« Vivre le temps des troubles », des clés pour un monde chaotique
Critique du livre par Jean-Christophe Ploquin, La Croix, le 18 décembre 2017
CRITIQUE DE LIVRE. Thierry de Montbrial décrit avec maestria les chocs provoqués par le progrès scientifique et la révolution numérique sur les États et les sociétés. Et il exhorte l’Europe à montrer le chemin d’une nouvelle gouvernance mondiale
« Vivre le temps des troubles » de Thierry de Montbrial, Albin Michel, 2017, 170 pages, 15 €
Il faut avoir le cœur bien accroché pour observer la transformation accélérée du monde. Dans le domaine scientifique, les découvertes fondamentales du XX° siècle – théories de la relativité, mécanique quantique, double hélice de l’ADN… – et leurs développements n’ont pas fini de brouiller les repères traditionnels. Dans le domaine des technologies, la maîtrise du couple énergie-matière, le développement infini du numérique, la révolution de l’intelligence artificielle ont de quoi donner le tournis.

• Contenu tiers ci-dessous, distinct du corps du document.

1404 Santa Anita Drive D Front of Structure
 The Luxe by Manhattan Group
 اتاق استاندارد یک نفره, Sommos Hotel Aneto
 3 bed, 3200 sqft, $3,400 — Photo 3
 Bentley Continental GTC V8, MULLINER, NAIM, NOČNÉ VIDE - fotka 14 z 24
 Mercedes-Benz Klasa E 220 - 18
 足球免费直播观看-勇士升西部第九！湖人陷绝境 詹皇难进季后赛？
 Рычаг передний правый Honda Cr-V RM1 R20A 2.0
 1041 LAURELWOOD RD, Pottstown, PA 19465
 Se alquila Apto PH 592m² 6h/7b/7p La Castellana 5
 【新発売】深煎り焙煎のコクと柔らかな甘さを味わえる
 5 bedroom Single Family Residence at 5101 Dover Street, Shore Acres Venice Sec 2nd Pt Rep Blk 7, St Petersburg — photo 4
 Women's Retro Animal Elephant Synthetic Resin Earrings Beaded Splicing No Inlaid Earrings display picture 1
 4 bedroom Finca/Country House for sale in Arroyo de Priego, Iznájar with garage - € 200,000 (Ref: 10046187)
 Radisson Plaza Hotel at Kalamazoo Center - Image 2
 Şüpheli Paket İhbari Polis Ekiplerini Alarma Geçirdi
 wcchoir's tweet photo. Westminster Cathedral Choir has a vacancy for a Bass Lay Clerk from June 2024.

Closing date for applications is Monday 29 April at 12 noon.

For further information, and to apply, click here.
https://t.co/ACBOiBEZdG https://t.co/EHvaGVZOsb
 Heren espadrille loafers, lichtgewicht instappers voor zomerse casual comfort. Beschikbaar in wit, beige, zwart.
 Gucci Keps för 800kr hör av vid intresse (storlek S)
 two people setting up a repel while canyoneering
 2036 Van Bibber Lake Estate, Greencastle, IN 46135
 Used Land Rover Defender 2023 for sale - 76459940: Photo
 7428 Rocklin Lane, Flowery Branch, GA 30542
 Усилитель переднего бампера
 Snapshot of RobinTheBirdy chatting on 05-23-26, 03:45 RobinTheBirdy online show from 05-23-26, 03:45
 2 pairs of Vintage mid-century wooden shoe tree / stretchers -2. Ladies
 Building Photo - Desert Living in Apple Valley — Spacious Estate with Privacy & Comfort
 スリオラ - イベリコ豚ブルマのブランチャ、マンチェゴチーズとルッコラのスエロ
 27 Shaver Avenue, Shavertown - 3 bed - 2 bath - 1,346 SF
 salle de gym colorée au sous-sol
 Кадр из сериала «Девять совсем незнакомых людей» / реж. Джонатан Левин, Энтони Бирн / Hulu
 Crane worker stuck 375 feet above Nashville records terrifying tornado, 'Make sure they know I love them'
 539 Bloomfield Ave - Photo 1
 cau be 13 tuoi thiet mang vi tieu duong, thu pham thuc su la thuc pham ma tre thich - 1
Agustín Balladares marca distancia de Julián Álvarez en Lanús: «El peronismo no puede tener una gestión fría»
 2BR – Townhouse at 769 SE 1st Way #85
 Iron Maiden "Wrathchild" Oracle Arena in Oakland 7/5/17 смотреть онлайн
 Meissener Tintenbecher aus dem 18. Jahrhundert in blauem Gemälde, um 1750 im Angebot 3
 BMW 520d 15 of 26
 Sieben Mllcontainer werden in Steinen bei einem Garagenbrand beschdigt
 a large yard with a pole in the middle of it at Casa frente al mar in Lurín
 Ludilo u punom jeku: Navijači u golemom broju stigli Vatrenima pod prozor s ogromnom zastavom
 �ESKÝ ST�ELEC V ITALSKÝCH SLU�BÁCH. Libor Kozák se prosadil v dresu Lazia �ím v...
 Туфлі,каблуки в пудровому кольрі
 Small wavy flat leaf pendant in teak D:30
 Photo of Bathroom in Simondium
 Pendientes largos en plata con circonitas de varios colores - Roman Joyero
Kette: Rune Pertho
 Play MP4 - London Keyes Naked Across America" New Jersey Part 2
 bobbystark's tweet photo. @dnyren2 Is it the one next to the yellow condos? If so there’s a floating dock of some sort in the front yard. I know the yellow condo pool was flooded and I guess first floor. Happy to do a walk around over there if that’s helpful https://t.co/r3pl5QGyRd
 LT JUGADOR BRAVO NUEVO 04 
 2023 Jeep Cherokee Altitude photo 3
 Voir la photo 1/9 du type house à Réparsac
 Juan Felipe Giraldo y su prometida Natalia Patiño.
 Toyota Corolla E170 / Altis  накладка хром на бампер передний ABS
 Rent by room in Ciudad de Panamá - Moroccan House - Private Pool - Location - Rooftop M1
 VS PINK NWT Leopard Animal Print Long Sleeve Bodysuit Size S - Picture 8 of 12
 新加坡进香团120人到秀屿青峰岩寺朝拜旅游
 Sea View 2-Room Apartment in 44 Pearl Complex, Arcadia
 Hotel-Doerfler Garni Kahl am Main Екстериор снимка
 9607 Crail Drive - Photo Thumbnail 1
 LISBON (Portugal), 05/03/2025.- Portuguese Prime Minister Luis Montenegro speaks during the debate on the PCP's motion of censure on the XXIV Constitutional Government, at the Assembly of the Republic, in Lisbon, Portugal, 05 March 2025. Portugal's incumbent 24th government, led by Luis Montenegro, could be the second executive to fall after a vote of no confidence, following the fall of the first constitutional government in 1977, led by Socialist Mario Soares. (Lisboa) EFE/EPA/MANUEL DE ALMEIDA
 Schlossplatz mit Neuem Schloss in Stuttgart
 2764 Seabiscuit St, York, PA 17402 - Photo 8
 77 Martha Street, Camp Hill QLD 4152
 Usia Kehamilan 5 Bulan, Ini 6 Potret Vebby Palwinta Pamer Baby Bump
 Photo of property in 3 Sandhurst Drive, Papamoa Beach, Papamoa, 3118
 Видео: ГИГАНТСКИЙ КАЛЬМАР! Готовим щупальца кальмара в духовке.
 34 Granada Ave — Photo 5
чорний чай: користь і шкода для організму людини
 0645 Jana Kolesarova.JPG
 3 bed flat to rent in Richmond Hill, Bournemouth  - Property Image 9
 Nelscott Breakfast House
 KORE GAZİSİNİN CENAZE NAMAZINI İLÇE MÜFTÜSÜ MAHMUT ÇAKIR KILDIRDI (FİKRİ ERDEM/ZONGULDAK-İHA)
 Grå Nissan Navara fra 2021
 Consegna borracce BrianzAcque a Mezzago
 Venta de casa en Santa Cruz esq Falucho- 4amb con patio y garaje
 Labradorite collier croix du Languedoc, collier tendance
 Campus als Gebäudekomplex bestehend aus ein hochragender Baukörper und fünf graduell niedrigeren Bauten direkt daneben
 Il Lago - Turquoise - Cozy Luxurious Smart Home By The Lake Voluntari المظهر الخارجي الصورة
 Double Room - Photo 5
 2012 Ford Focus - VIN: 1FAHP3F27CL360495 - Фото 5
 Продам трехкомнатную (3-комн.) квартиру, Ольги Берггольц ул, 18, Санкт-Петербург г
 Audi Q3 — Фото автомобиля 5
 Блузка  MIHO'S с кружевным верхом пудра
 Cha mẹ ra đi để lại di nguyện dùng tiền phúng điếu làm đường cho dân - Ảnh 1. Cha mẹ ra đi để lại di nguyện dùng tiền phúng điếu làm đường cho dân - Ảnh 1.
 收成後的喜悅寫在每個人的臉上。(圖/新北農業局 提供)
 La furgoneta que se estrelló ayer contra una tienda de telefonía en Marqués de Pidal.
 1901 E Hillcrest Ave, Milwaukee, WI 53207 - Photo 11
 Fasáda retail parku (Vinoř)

Les innovations bousculent l’économie et le rapport de l’homme à la machine, au robot, à lui-même. Les États sont contestés dans leur rôle protecteur et les individus, consommateurs et citoyens, oscillent avec ambivalence face au changement. Certaines sociétés font de la résistance, provoquant de nouvelles tensions internationales.
Des phrases simples et ciselées qui relèvent parfois de la méditation
Ancien professeur à l’École Polytechnique et président de l’Institut français des relations internationales (Ifri) depuis bientôt 40 ans, Thierry de Montbrial est sans doute l’un des meilleurs guides à suivre et à lire pour prendre la mesure de ce désordre.
Son essai traduit un grand souci de pédagogie. Ses phrases simples et ciselées relèvent parfois de la méditation, lucide et sans affect. Il pointe notamment les limites de la science pour définir correctement la vie et celles de la technologie pour reproduire l’irréductible de l’homme : sa conscience et son âme. Il souligne le rôle des religions comme cadre de relation à la transcendance, aspiration profondément humaine.
L’espoir que les hommes reprennent les rênes de ce monde fragmenté
Réaliste dans l’analyse des relations internationales, Thierry de Montbrial défend néanmoins des projets à la limite de l’utopie dans l’espoir que les hommes reprennent les rênes de ce monde fragmenté.
Il recommande l’émergence d’un réseau de puissances moyennes qui coopéreraient à une nouvelle gouvernance mondiale. Et il attend de la construction européenne qu’elle soit le laboratoire d’un nouveau type d’unité et de solidarité politiques.